Jobim faz relato da história

de criação do CNJ e

defende suas atribuições

Foto: Eugenio Novaes
Jobim: o que se discute hoje é a possibilidade de o cidadão dirigir-se diretamente ao CNJ.

Nelson Jobim relembrou aos presentes a edição da primeira Resolução aprovada pelo CNJ, de combate à prática do nepotismo no Judiciário, e as primeiras ações de correição realizadas à época pelo ministro Gilson Dipp. “A função macro do C,NJ, em relação ao controle, operacionalidade e respeitabilidade, não está mais sob debate. Agora discute-se a possibilidade de o cidadão dirigir-se diretamente ao CNJ e oferecer denúncia”, destacou Jobim em seu discurso, ressaltando a importância da ação saneadora do CNJ.

Com a presença de cerca de 500 pessoas, do ato na sede do Conselho Federal da OAB participam diversas entidades representativas da sociedade, como CNBB e ABI, parlamentares e renomados juristas. Presidentes de Seccionais e conselheiros da OAB de todos os Estados e do Distrito Federal, além de caravanas de advogados de diversas partes do País também estão presentes.

Integram a mesa os juristas Hélio Bicudo e Miguel Reale Junior; o senador Demóstenes Torres (DEM-GO); o representante da CNBB, Carlos Moura; o presidente do Instituto dos Advogados do Brasil (IAB), Fernando Fragoso; o presidente da Associação Nacional dos Magistrados da Justiça do Trabalho (Anamatra), Renato Sant´Anna; além dos representantes da OAB no CNJ, Jorge Hélio e Jeferson Kravchychyn, e toda a diretoria do Conselho Federal da OAB, entre outros.

OAB Paraná participou do ato

José Lucio Glomb.

O presidente da OAB Paraná, José Lucio Glomb, e o secretário-geral da Seccional, Juliano Breda, participaram nesta terça-feira (31) do ato em defesa do Conselho Nacional de Justiça (CNJ) promovido pelo Conselho Federal da OAB.

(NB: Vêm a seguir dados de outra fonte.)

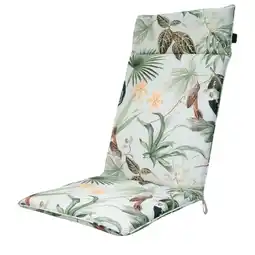 Van Cranenbroek Grasse green O291 hoog uni 50x120 aanbieding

Nesta terça-feira a Seccional publicou um anúncio, assinado pela diretoria da OAB Paraná, onde defende o CNJ com o seguinte texto:  

Em defesa das prerrogativas do Conselho Nacional de Justiça

A Ordem dos Advogados do Brasil – Seccional do Paraná estará presente hoje, em Brasília, no ato público em defesa dos poderes do Conselho Nacional de Justiça (CNJ) para investigar e julgar magistrados por desvios ético-disciplinares. Tais desvios são responsabilidade de uma minoria, cujos atos, no entanto, abalam a credibilidade do Poder Judiciário.

A OAB Paraná defende que eventuais excessos cometidos pelo CNJ em sua atividade devem ser corrigidos pelo Supremo Tribunal Federal.

Nossa entidade, cumprindo a missão estatutária de defender a Constituição e a ordem jurídica do Estado democrático de direito, está convicta da necessidade de lutar contra a tentativa de cerceamento da atuação do Conselho, evitando a limitação de sua competência constitucional.

Desde sua instalação, o CNJ desempenha função essencial de controle e aprimoramento do Poder Judiciário, com a finalidade de construir uma Justiça cada vez mais célere, transparente e acessível aos cidadãos, desejo que deve ser compratilhado pelos integrantes da magistratura brasileira.